Directed by: Pablo Fendrik

Starring: Gael Garcia Bernal, Alice Braga, Chico Diaz

Deep within the forests of Argentina, farmers are being forced to leave by landgrabbers who burn down parts of the forest to intimidate them. A stranger named Kai arrives to help one particular farmer, his daughter and farm-hand, but is unable to prevent the killing of the farmer and the abduction of his daughter, Vania. Now Kai must use all of his skills to rescue Vania and take revenge…


The Burning is a really interesting mash-up of genres, part western and part jungle adventure.

The film starts in a very enigmatic style, in the camp of the land-grabbers. We have no idea who they are – they may be our protagonists, for all we know. This opening scene suddenly lurches into horror film territory, however, with a terrifying discovery.

In its early scenes the film has a very measured, deliberate pace, allowing the audience to bask in its visuals without being hindered by plot details. Even when Kai arrives at the farm, it takes a while to understand why he is there.


This all changes when the land-grabbers arrive. And they arrive in style, too, slowly emerging from the darkness. The change in pace is down to Vania. The landgrabbers (we learn some of their names, but not that of their leader) are dispassionate about their work, moving in a methodical manner, conserving their energy.Kai has a certain serenity to him. He is an integral part of his surroundings, wearing the jungle like a second skin. Vania, on the other hand, is young and passionate, full of hormones and emotions, and this gives the film more urgency when she is in the spotlight.

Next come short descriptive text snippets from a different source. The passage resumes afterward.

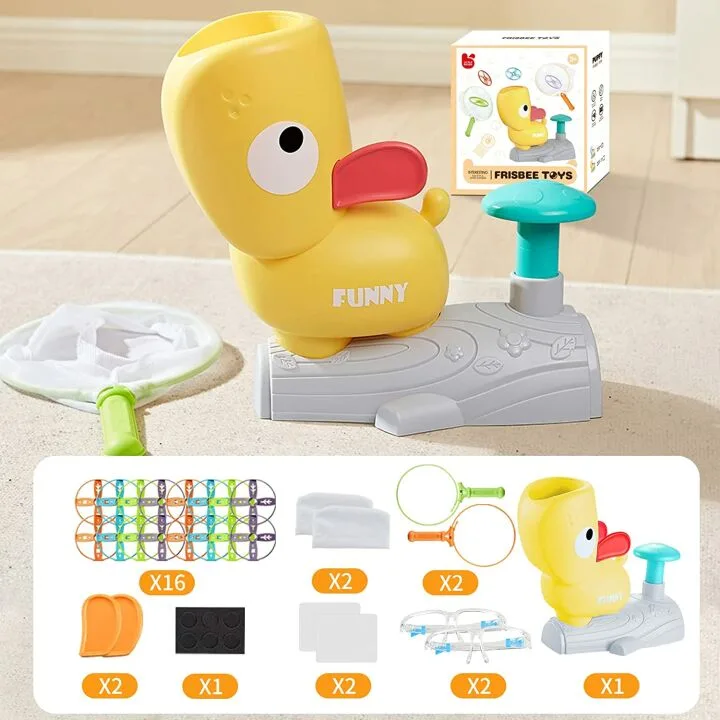 XAZASTOV Flying Discs Launcher - Fun Toy for Kids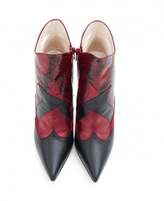 Thumbnail for your product : Terry De Havilland Python Effect Pointed Ankle Boots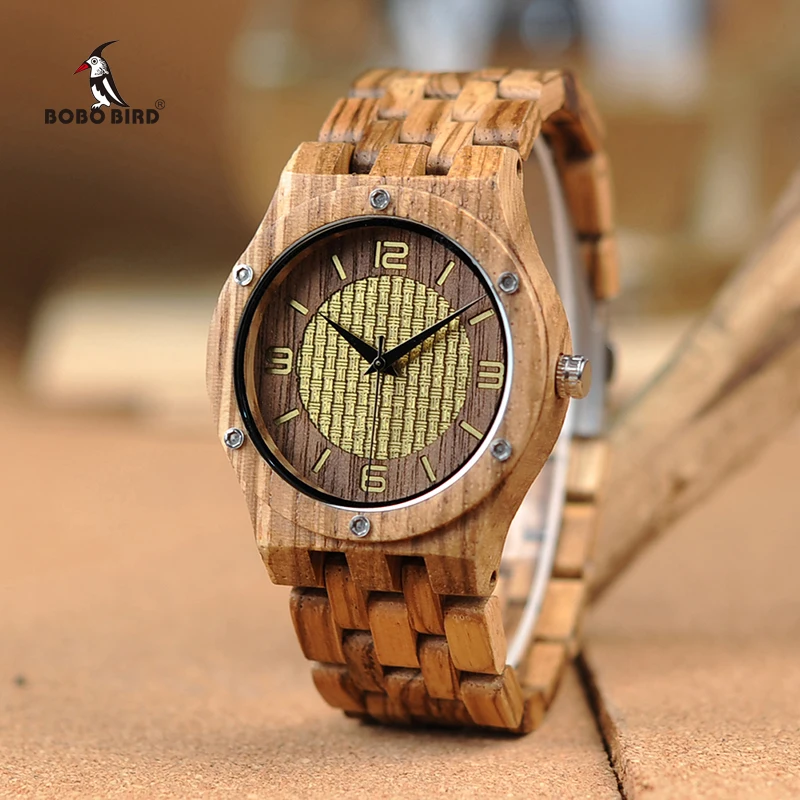 BOBO BIRD New Wooden Watches Timepieces for Men Women Casual Zebra Wood Band Quartz Watch in Wooden Gift Box W*Q01 Drop Shipping BOBO BIRD New Wooden Watches Timepieces for Men Women Casual Zebra Wood Band Quartz Watch in Wooden Gift Box W*Q01 Drop Shipping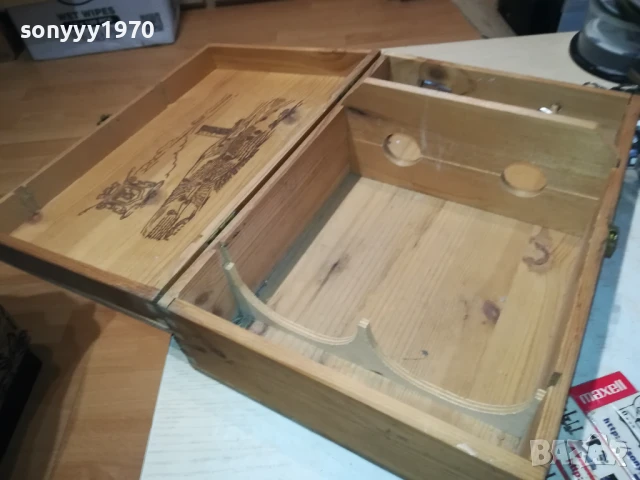 дървена кутия за колекция 31Х21Х11СМ 2507251316LCHERY, снимка 9 - Антикварни и старинни предмети - 51138906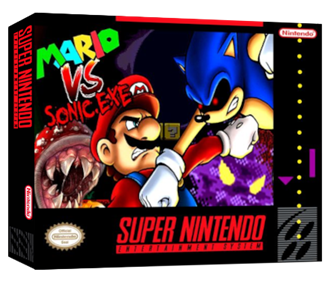 Mario vs. SONIC.EXE - Box - 3D Image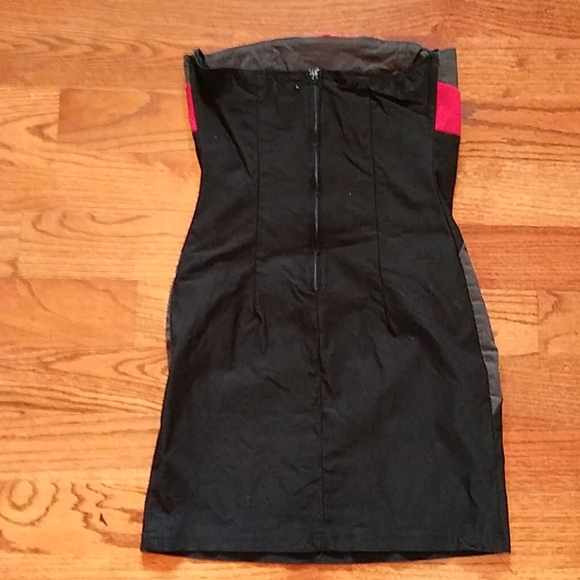 Dots Strapless Mini Dress - Picture 6 of 6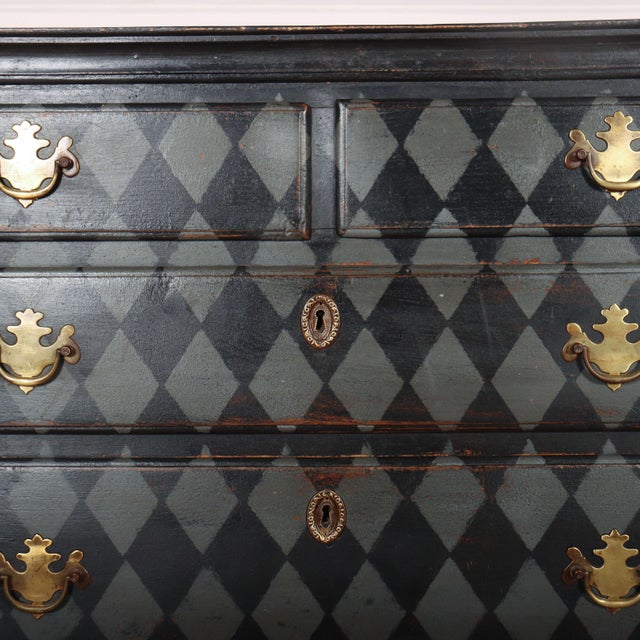 English Painted Chest of Drawers For Sale - Image 9 of 12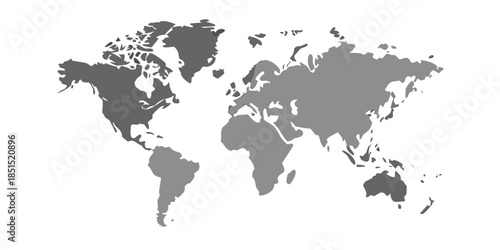 A grayscale world map highlighting north africa and southern europe regions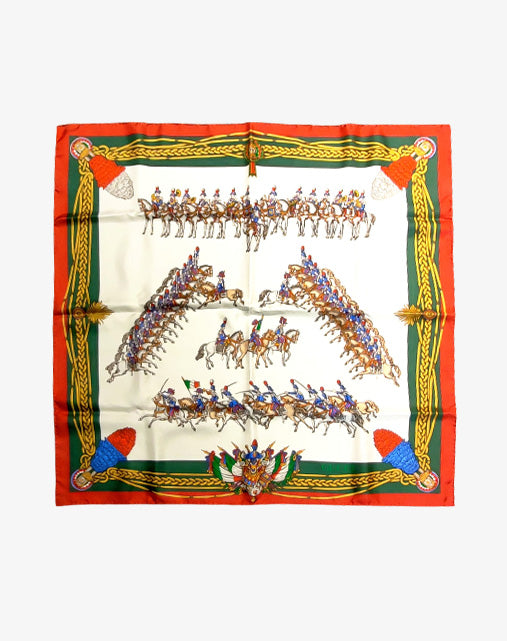 Gucci Trophy Foulard Vintage in Seta 86×86 Made in Italy con Scatola Originale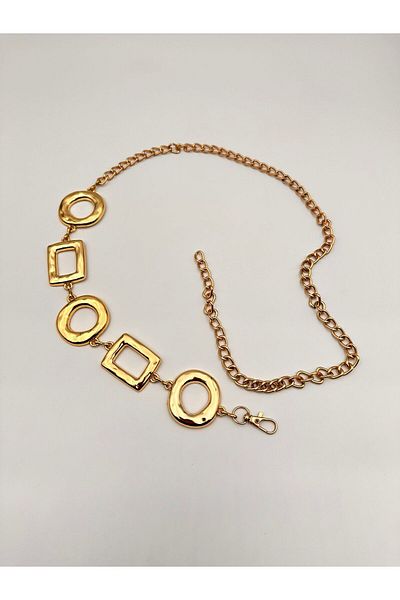 WOMAN VISION Ζώνη μέσης με αλυσίδα 1796 Model Gold Ring Design
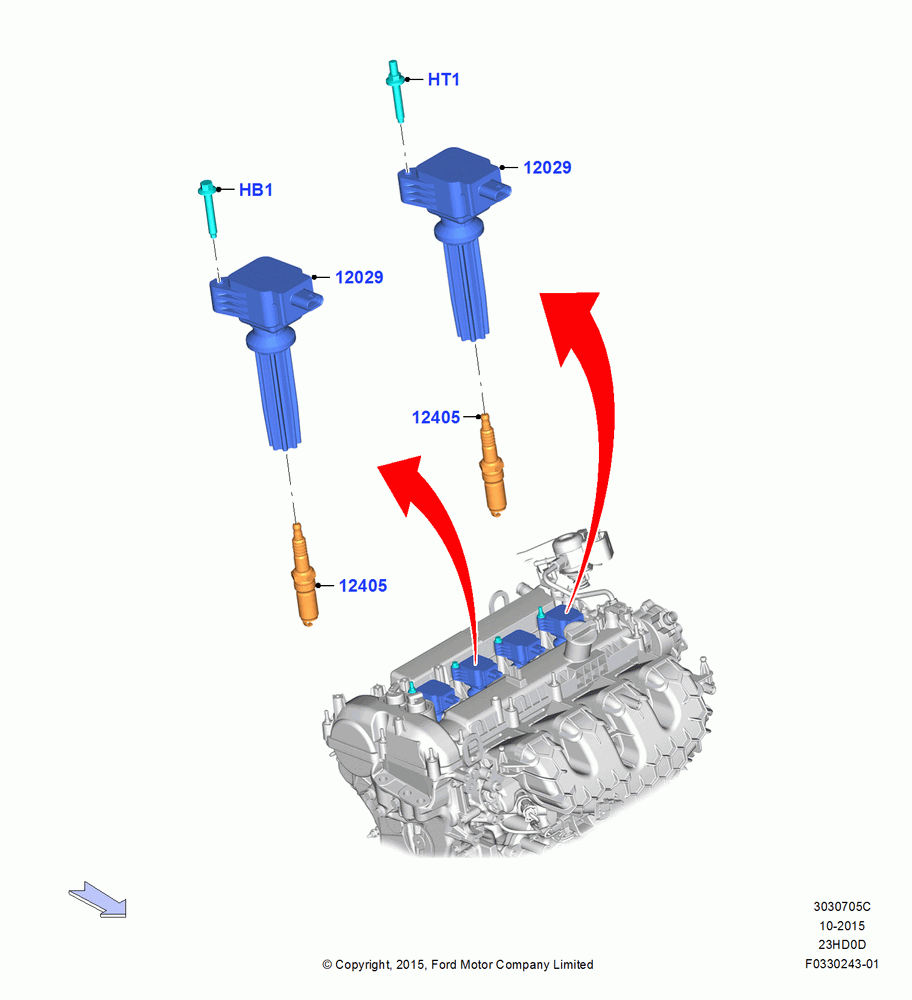 05C - Ignition Coil and Wires/Spark Plugs, 2.3L Ecoboost; 04/JAN/2016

The Burning is a pretty vicious film at times. The Landgrabbers have no qualms about killing people, nor abducting and raping any women they come across. Kai does his best no to kill anyone but maims them instead, using sharpened bamboo sticks as spears (those things are really sharp and deadly!) and setting a few traps for them. The action is very well handled, shot in a style which matches the rest of the film. There’s a compelling escalation of the stakes involved leading to a satisfying climax in which the farmstead is held under siege.


Director Pablo Fendrik evokes a number of different film styles to tell his story, while remaining true to his own style at the same time. Some of the jungle scenes for example have the feel of Predator or Rambo, with an appropriately bombastic soundtrack to match. The ending is very much in the style of a Spaghetti Western, with the score switching appropriately to a Spanish guitar sound for an epic standoff.

The acting is great across the board. As the mysterious Kai, Gael Garcia Bernal has great presence throughout the film. His character is clearly at one with his jungle surroundings, so much so that he is respected by the jaguar (el tigre, as some refer to him), who roams the jungle. Alice Braga brings an earthy intensity to Vania. She’s given her own sexual agency, instigating her jungle tryst with Kai, rather than waiting for it to happen.

The landgrabbers are excellent too. They have very little dialogue, they just get on with the job at hand. The two brothers who run the operation are evil incarnate, with no honour or respect for others (except at the end, when one of them dismisses their assistant just before the final attack).


One other “actor” needs recognition too, and that’s the jaguar. At first we don’t see him, only his deadly handiwork in a mauled body. However both Vania and Kai come in contact with him at different parts of the film. Whoever was on animal wrangling duties did a superb job, and the camera is able to capture the animal’s feral beauty.


The lack of narrative structure and slow pace at the beginning might put a few people off, but The Burning definitely rewards and entertains those who can accept it. Part western, part jungle warfare, The Burning is a beautifully shot action thriller.